NVlabs / BundleSDF

[CVPR 2023] BundleSDF: Neural 6-DoF Tracking and 3D Reconstruction of Unknown Objects
https://bundlesdf.github.io/
Other
992 stars 109 forks source link

Test BundleSDF with Synthetic dataset - discussion #140

Closed fedona closed 6 months ago

fedona commented 7 months ago

Hello, thank you for providing such an interesting repository, I have been testing a lot of videos and I am very fascinated by the pipeline :)

After have run the code with several real images, I have been trying to test BundleSDF on some custom synthetic data. So far I have obtained terrible results, and this is probably due to having a wrong camera calibration file (I am struggling to get it correct from the information that I am getting from blender's camera).

Screenshot from 2024-01-28 17-55-09 Here you can see the first reconstruction of a chair, obtained after ~30 frames.

Screenshot from 2024-01-28 17-57-11 Here is the final reconstruction, after ~300 frames

Is there some interesting suggestions that I can get from you to obtain better results (or maybe on how to get the calibration matrix from blender)? May I have your insights on testing BundleSDF on synthetic datasets?

Wouldn't be interesting to see how BundleSDF performs at the BOP challenge? Some datasets there have non-consecutive images (like Linemod) and I believe this is not great for this pipeline, but it might still be nice to see it, either officially or unofficially.

Thank you so much

kevinDrawn commented 7 months ago

Hello! Are you conducting experiments with data that you directly possess? That's impressive.

I'd like to try 3D reconstruction with my own data as well and was wondering if I could seek some advice.

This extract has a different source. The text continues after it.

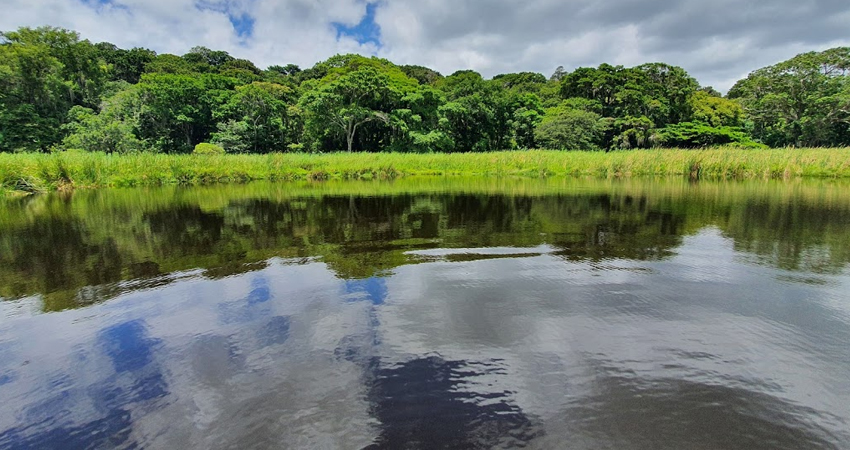 Laguna La Bruja. Foto: Cortesía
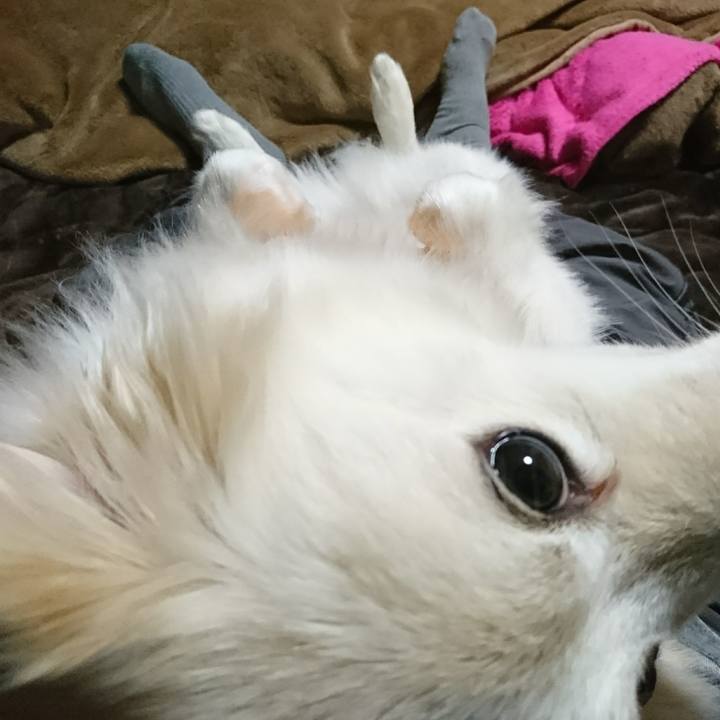 393c6381 7333 413c a7e5 0dee8eab63d1 1519639390377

The BundleSDF website mentioned that depth, color, and mask images in PNG format, along with the camera intrinsic matrix, should suffice. So, I prepared those and attempted to run it, but encountered an error.

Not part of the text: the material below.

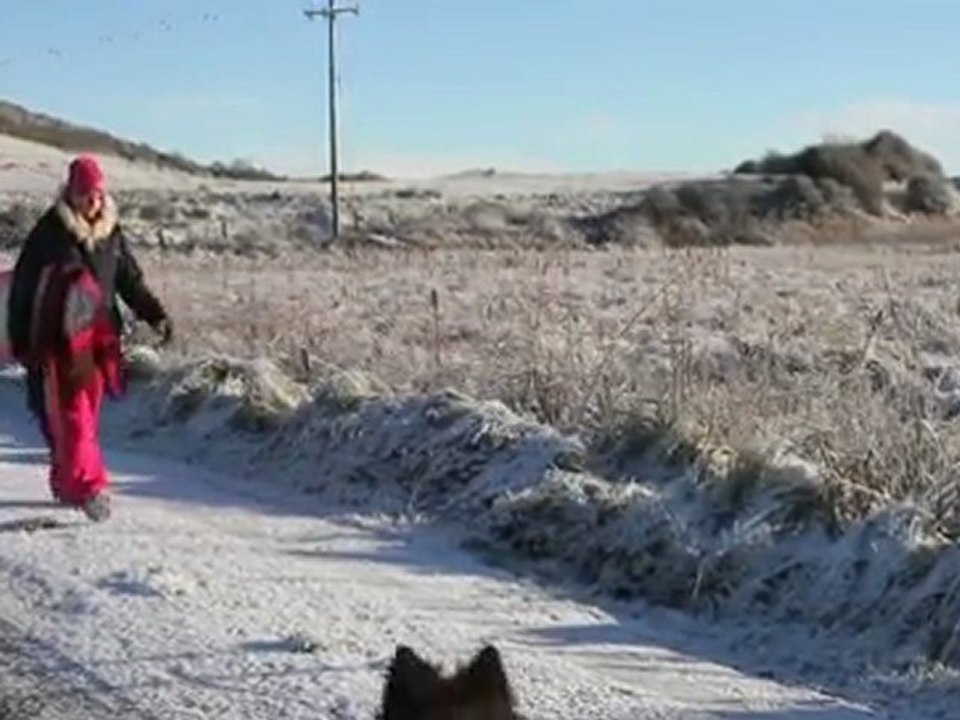 The Extreme Surfers - Environmental Documentary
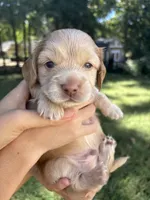 Goldie AKC registered , a male Miniature Dachshund for sale in Charlotte, NC – 1 of 5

I'm starting to think that perhaps point cloud data is necessary. The reason being, in the milk example, there was a point cloud text file named 13985298.ply. How did you prepare your input data?

fedona commented 7 months ago

Hello! Are you conducting experiments with data that you directly possess? That's impressive.

I'd like to try 3D reconstruction with my own data as well and was wondering if I could seek some advice.

The BundleSDF website mentioned that depth, color, and mask images in PNG format, along with the camera intrinsic matrix, should suffice. So, I prepared those and attempted to run it, but encountered an error.

I'm starting to think that perhaps point cloud data is necessary. The reason being, in the milk example, there was a point cloud text file named 13985298.ply. How did you prepare your input data?

Hey there!

In my knowledge there is no need for any point cloud file, I would suggest you to really check that all folders are named correctly as the milk example, that rgb files have the same name as their respective masks and depth images, and that you provide a copy of the first frame mask named "mask.png". What is really necessary is: /rgb /depth /masks /cam_K.txt and /mask.png

I am recording my own dataset using a Kinect Azure camera, and I transform the depth images to match the rgb images calibration. I get the masks using MiVOS because I had problems running the suggested method on my machine.

I suggest you to open a different issue for your own error message if you still do not find the solution to it. Have fun!

kevinDrawn commented 7 months ago

Oh!! Thank you for your help! I didn't locate the mask.png in the directory that you said. I will do that.

In my case, I got the masks images by using FastSAM Algorithm. Thank you !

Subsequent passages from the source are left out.